Effective data-handling and manipulation components.
Operators for calculations on arrays and other types of ordered data.
Tools specific to a wide variety of data analyses.
Advanced visualization capabilities.
S programming language designed by programmers, for programmers with many familiar constructs, including conditionals, loops, user-defined recursive functions, and a broad range of input and output facilities.

R is well suited to single-use, custom applications for analysis of big data sources.

Google Prediction API

The Google Prediction API is an example of an emerging class of big data analysis application tools. It is available on the Google developers website and is well documented and provided with several mechanisms for access using different programming languages. To help you get started, it is freely available for six months.

The Prediction API is fairly simple. It looks for patterns and matches them to proscriptive, prescriptive, or other existing patterns. While performing its pattern matching, it also “learns.” The more you use it, the smarter it gets.

Prediction is implemented as a RESTful API with language support for .NET, Java, PHP, JavaScript, Python, Ruby, and many others. Google also provides scripts for accessing the API as well as a client library for R.

Predictive analysis is one of the most powerful potential capabilities of big data, and the Google Prediction API is a very useful tool for creating custom applications.

Semi-custom applications for big data analysis

In truth, what many people perceive as custom applications are actually created using “packaged” or third-party components like libraries. It is not always necessary to completely code a new application. Using packaged applications or components requires developers or analysts to write code to “knit together” these components into a working custom application. The following are reasons why this is a sound approach:

Speed to deployment: Because you don’t have to write every part of the application, the development time can be greatly reduced.
Stability: Using well-constructed, reliable, third-party components can help to make the custom application more resilient.
Better quality: Packaged components are often subject to higher quality standards because they are deployed into a wide variety of environments and domains.
More flexibility: If a better component comes along, it can be swapped into the application, extending the lifetime, adaptability, and usefulness of the custom application.
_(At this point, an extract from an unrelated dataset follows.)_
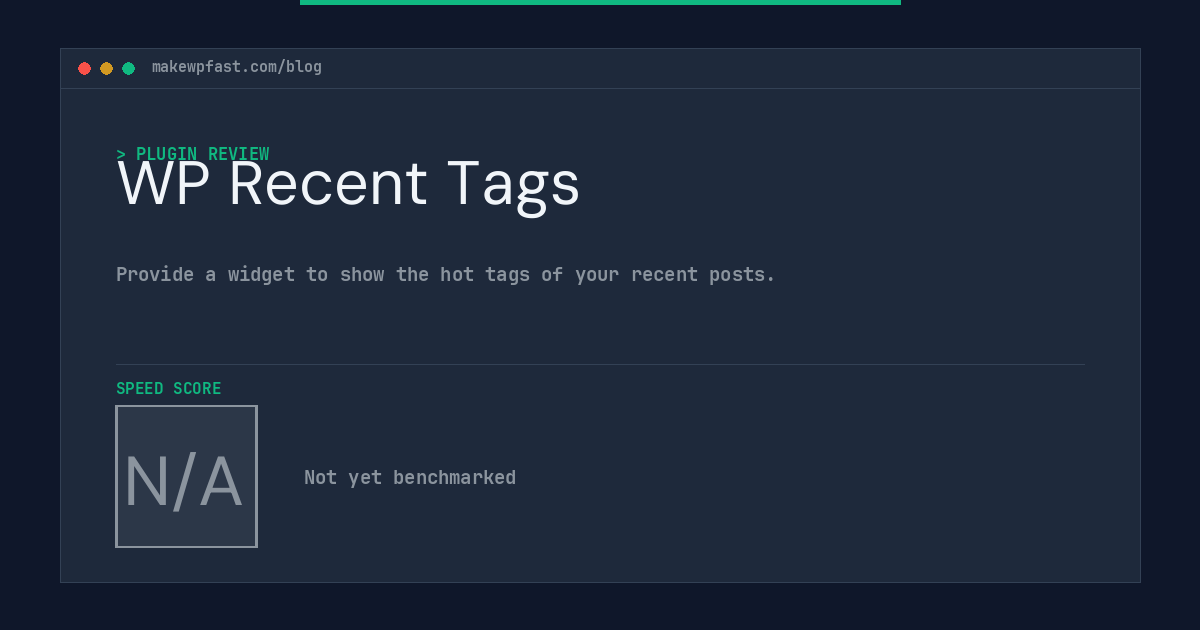 WP Recent Tags - MakeWPFast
Another type of semi-custom application is one where the source code is available and is modified for a particular purpose. This can be an efficient approach because there are quite a few examples of application building blocks available to incorporate into your semi-custom application:

TA-Lib: The Technical Analysis library is used extensively by software developers who need to perform technical analysis of financial market data. It is available as open source under the BSD license, allowing it to be integrated into semi-custom applications.
JUNG: The Java Universal Network Graph framework is a library that provides a common framework for analysis and visualization of data that can be represented by a graph or network. It is useful for social network analysis, importance measures, and data mining. It is available as open source under the BSD license.
GeoTools: An open source geospatial toolkit for manipulating GIS data in many forms, analyzing spatial and non-spatial attributes or GIS data, and creating graphs and networks of the data. It is available under the GPL2 license, allowing for integration into semi-custom applications.